═════ Source information ═════
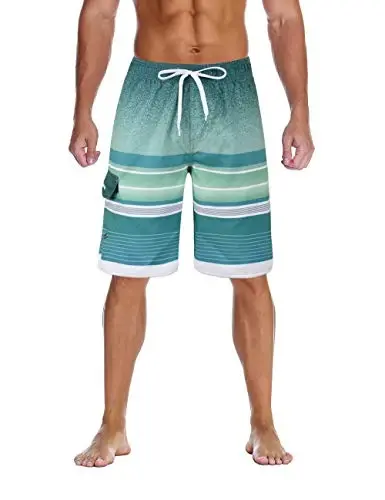 Nonwe Men's Beachwear Summer Holiday Swim Trunks Quick Dry Striped 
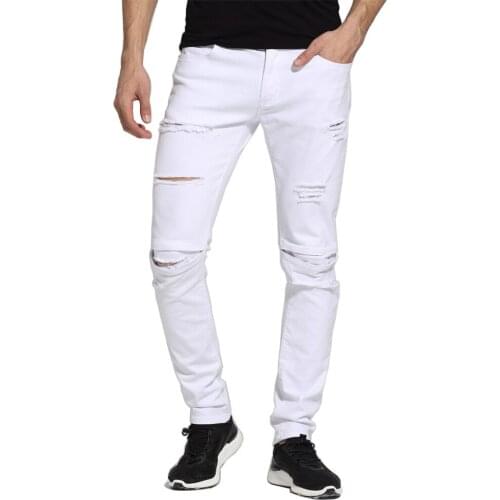 Men White Jeans Fashion Design Slim Fit Casual Skinny Ripped Jeans For Men
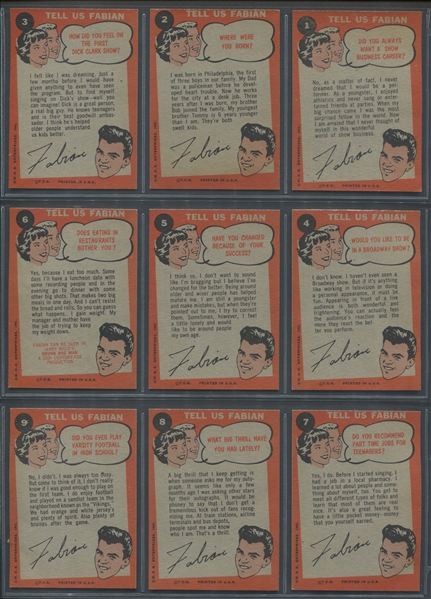 1959 Topps Fabian Complete Set of (55) Cards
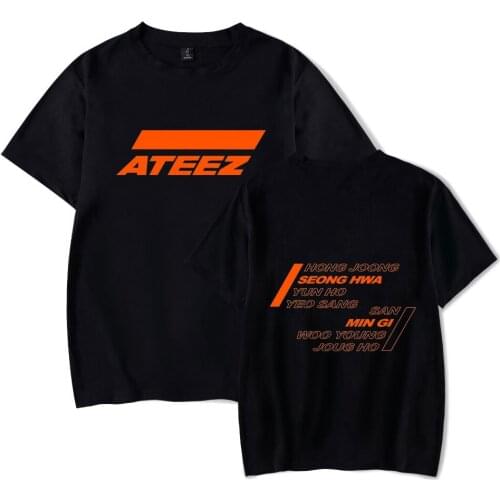 ATEEZ Print Casual T-shirts Men and WomenClothes 2020 Summer Hot Sale Tops Short Sleeve Kpops T-Shirts Plus Size Wild Simple Tee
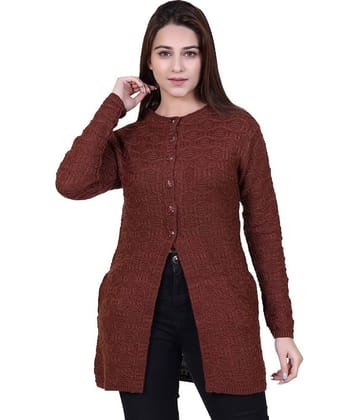 Varenyam Acrylic Brown Buttoned Cardigans - Single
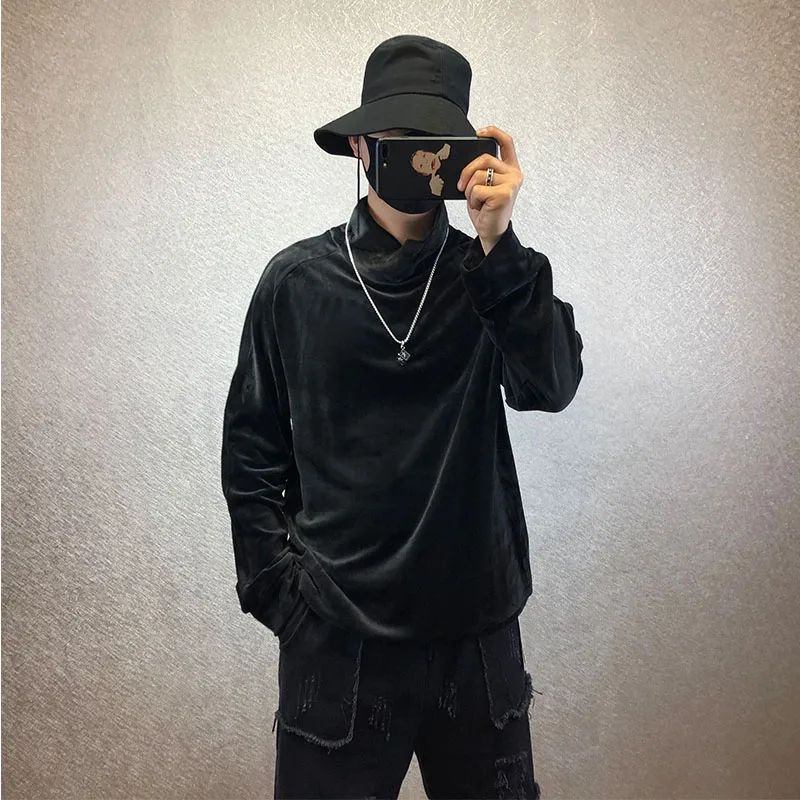 Men's New Velvet Warm Turtleneck Popular Loose Large Size Standing Collar Solid Color All-Match Base T-Shirt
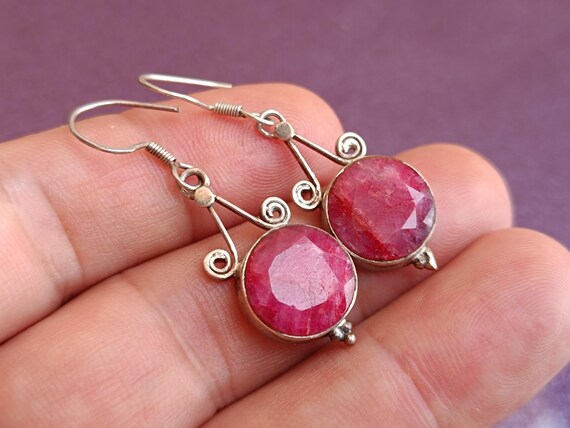 Ruby 925 Silver Earrings, Ruby Silver Earrings, S… - image 7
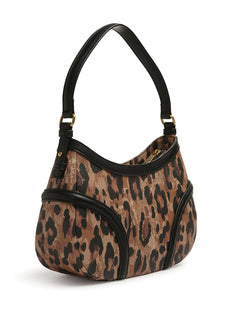 JUST CAVALLI BORSA STAMPA LEOPARDATA A TRACOLLA CON APPLICAZIONE LOGO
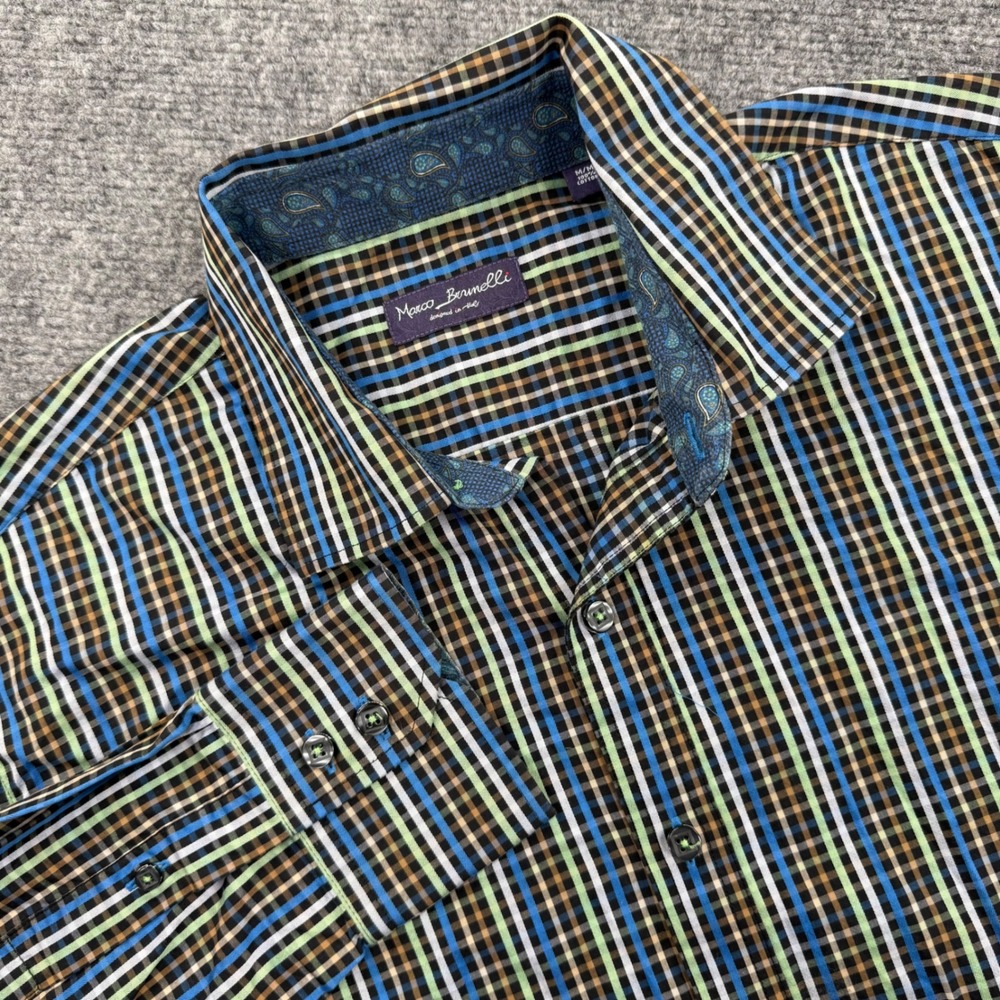 Marco Brunelli Mens Medium Plaid Button Down Long Sleeve Shirt Flip Cuff‎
═════
**Your assignment**
Set down a word-for-word copy of the records, dropping any picture.

**Exercise output**
 Nonwe Men's Beachwear Summer Holiday Swim Trunks Quick Dry Striped 
 Men White Jeans Fashion Design Slim Fit Casual Skinny Ripped Jeans For Men
 1959 Topps Fabian Complete Set of (55) Cards
 ATEEZ Print Casual T-shirts Men and WomenClothes 2020 Summer Hot Sale Tops Short Sleeve Kpops T-Shirts Plus Size Wild Simple Tee
 Varenyam Acrylic Brown Buttoned Cardigans - Single
 Men's New Velvet Warm Turtleneck Popular Loose Large Size Standing Collar Solid Color All-Match Base T-Shirt
 Ruby 925 Silver Earrings, Ruby Silver Earrings, S… - image 7
 JUST CAVALLI BORSA STAMPA LEOPARDATA A TRACOLLA CON APPLICAZIONE LOGO
 Marco Brunelli Mens Medium Plaid Button Down Long Sleeve Shirt Flip Cuff‎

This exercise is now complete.